An exact reproduction of the records is required, with all images left out.

*** Working data ***

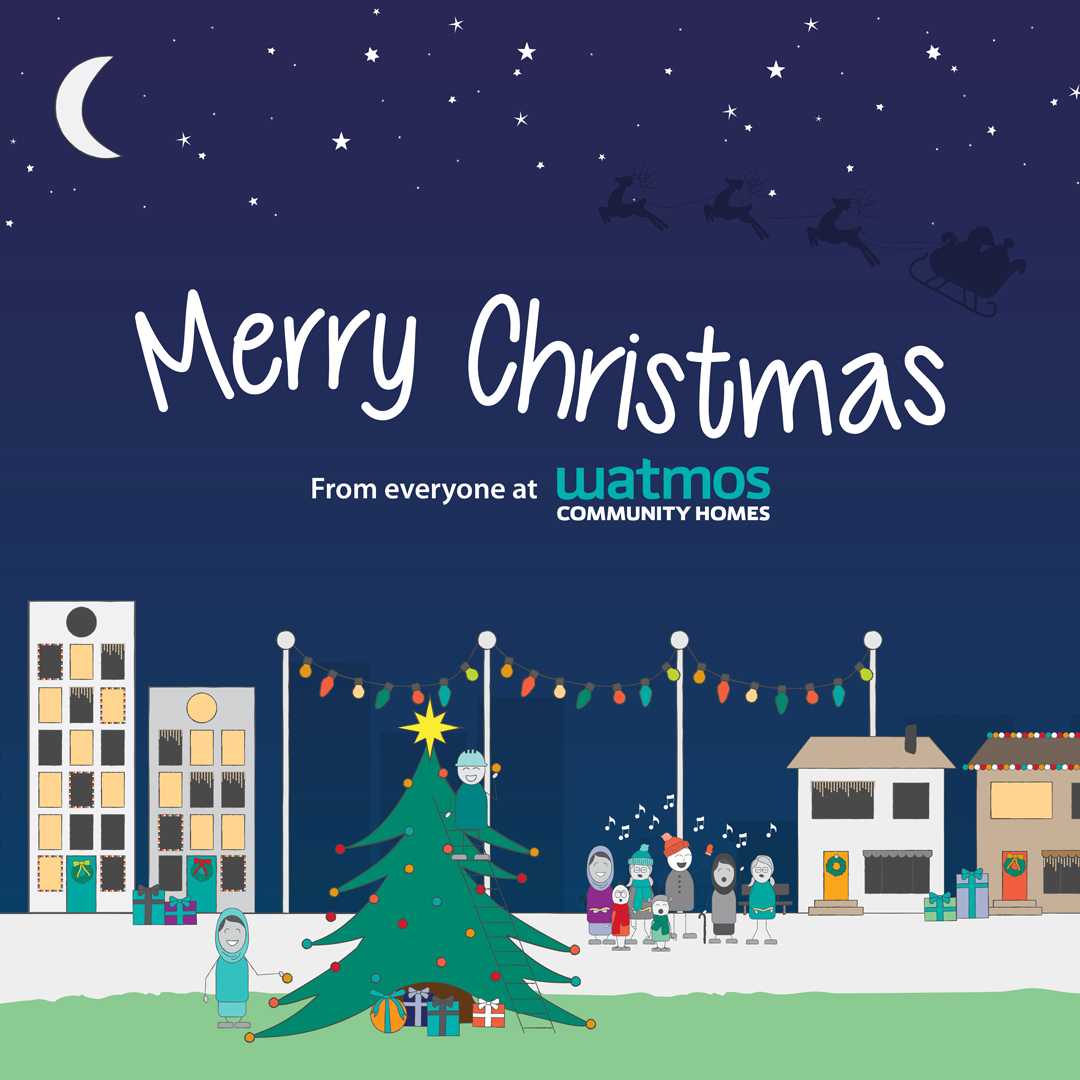WATMOS_CH's tweet photo. 🎄✨ We would like to wish all our residents, TMOs, members and partners a very Merry #Christmas and a healthy and happy New Year! 

We look forward to supporting you again in 2023. 
#watmos #watmoscommunityhomes #housing #socialhousing #community #merrychristmas #newyear https://t.co/Tly32kd37C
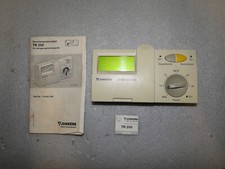 Junkers 7744901046 raumthermos gebraucht kaufen  Köln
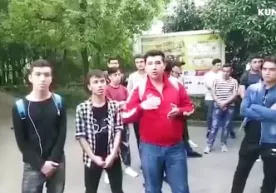 Ташқи ишлар вазирлиги: Хитойдаги талабалар мурожаати назоратга олинди фото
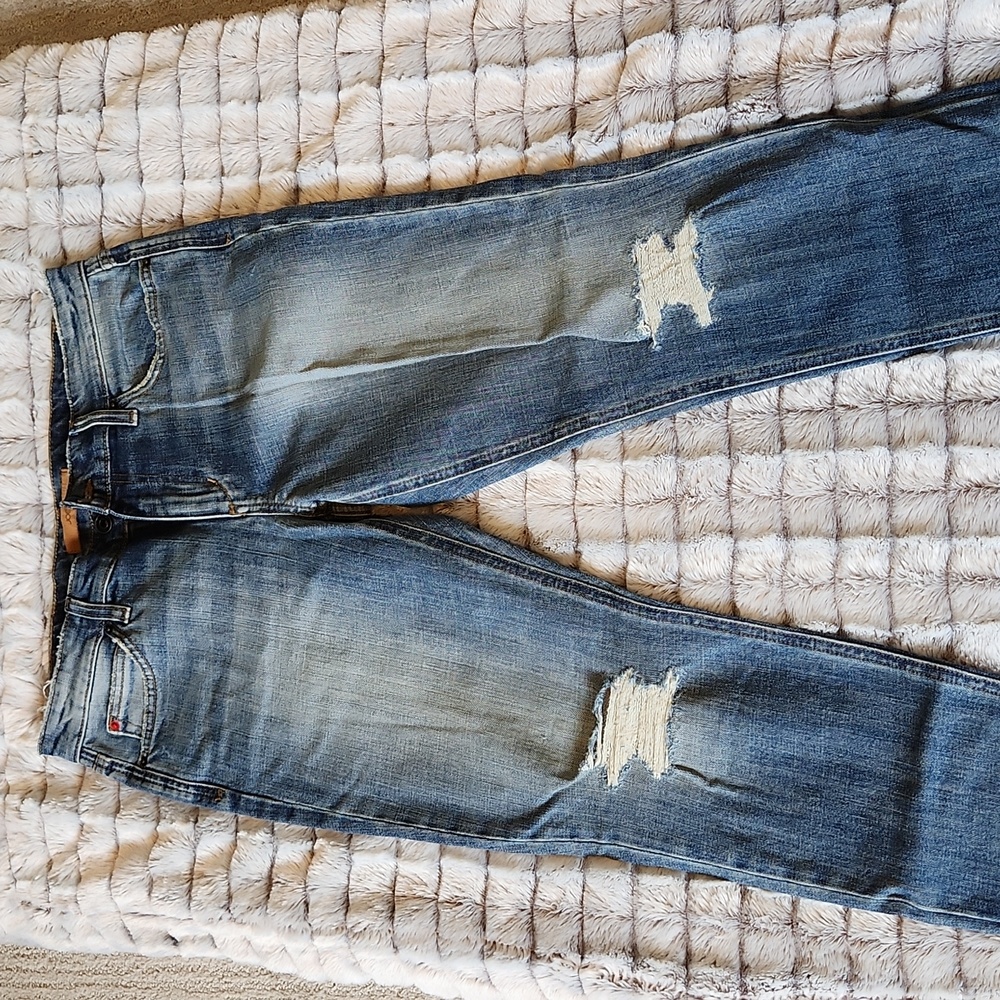Joe's Jeans Blakely - Picture 4 of 5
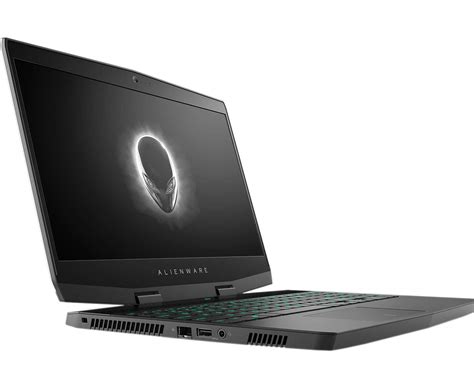 Buy DellAlienware M17 R2 Gaming Laptop 17.3 Inch FHD 256GB SSD 2.4GHz i5 (8GB RAM, GTX 1660 Ti ...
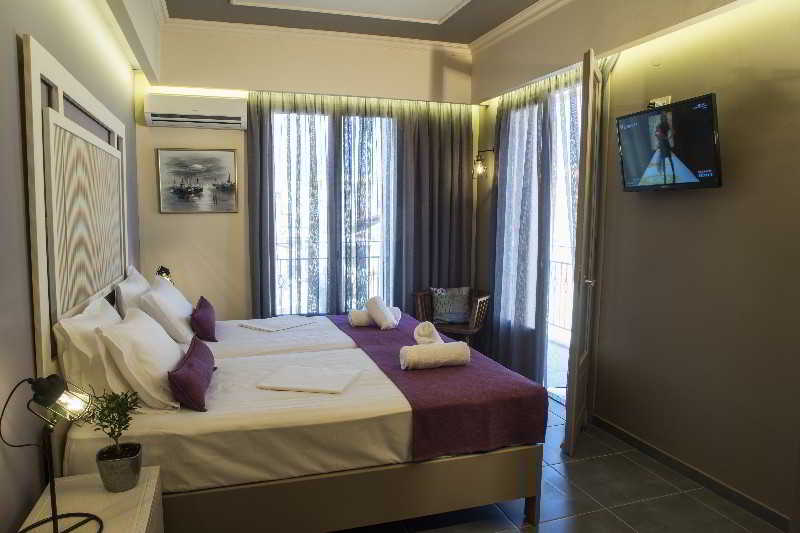 Elia Potie Apartment Chania  Ngoại thất bức ảnh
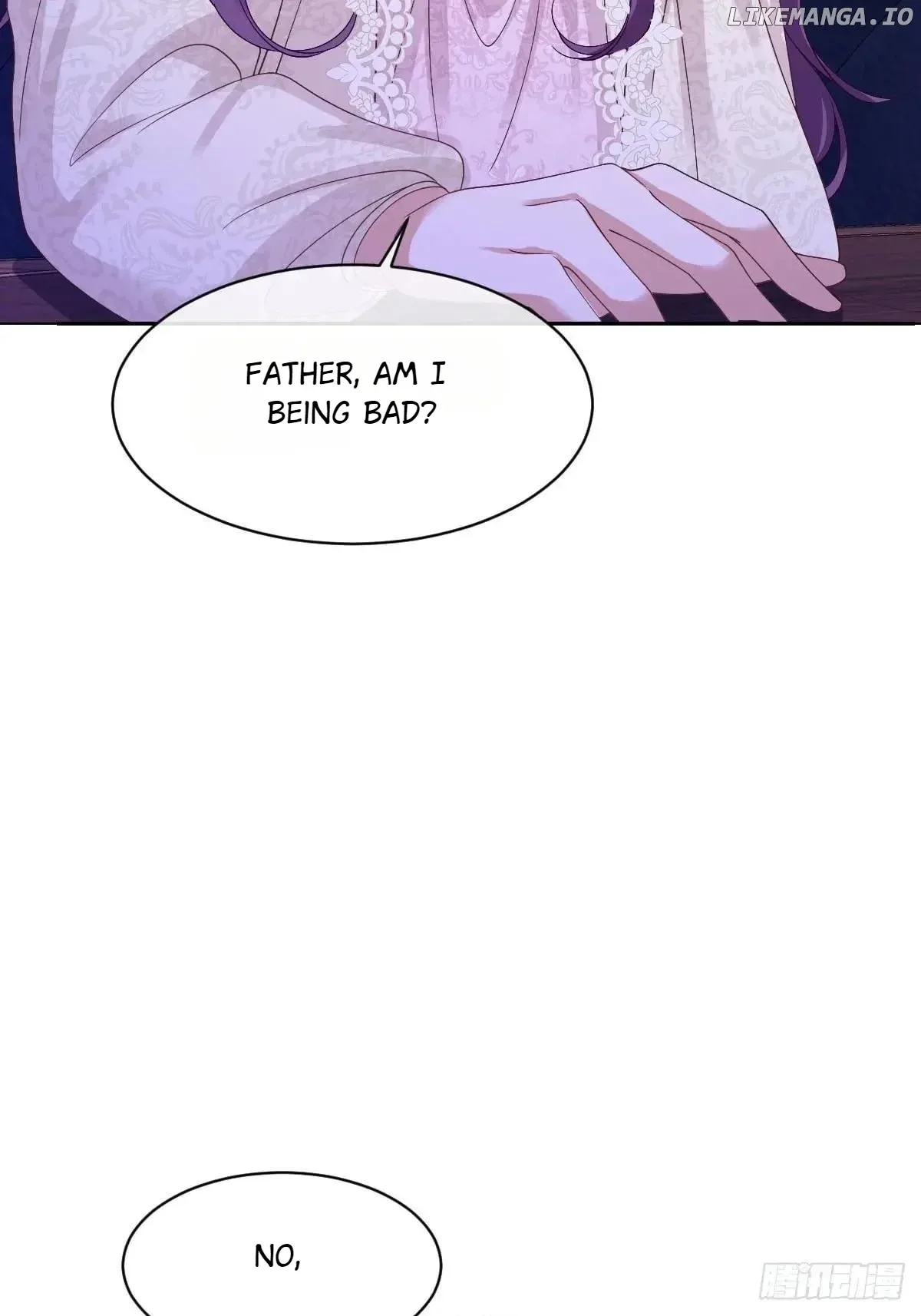 Confessing My Love to Him, the Treacherous One Chapter 46 page 40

*** End of Working data ***

## Solution to this problem
WATMOS_CH's tweet photo. 🎄✨ We would like to wish all our residents, TMOs, members and partners a very Merry #Christmas and a healthy and happy New Year! 

We look forward to supporting you again in 2023. 
#watmos #watmoscommunityhomes #housing #socialhousing #community #merrychristmas #newyear https://t.co/Tly32kd37C
 Junkers 7744901046 raumthermos gebraucht kaufen  Köln
 Ташқи ишлар вазирлиги: Хитойдаги талабалар мурожаати назоратга олинди фото
Joe's Jeans Blakely - Picture 4 of 5
 Buy DellAlienware M17 R2 Gaming Laptop 17.3 Inch FHD 256GB SSD 2.4GHz i5 (8GB RAM, GTX 1660 Ti ...
 Elia Potie Apartment Chania  Ngoại thất bức ảnh
 Confessing My Love to Him, the Treacherous One Chapter 46 page 40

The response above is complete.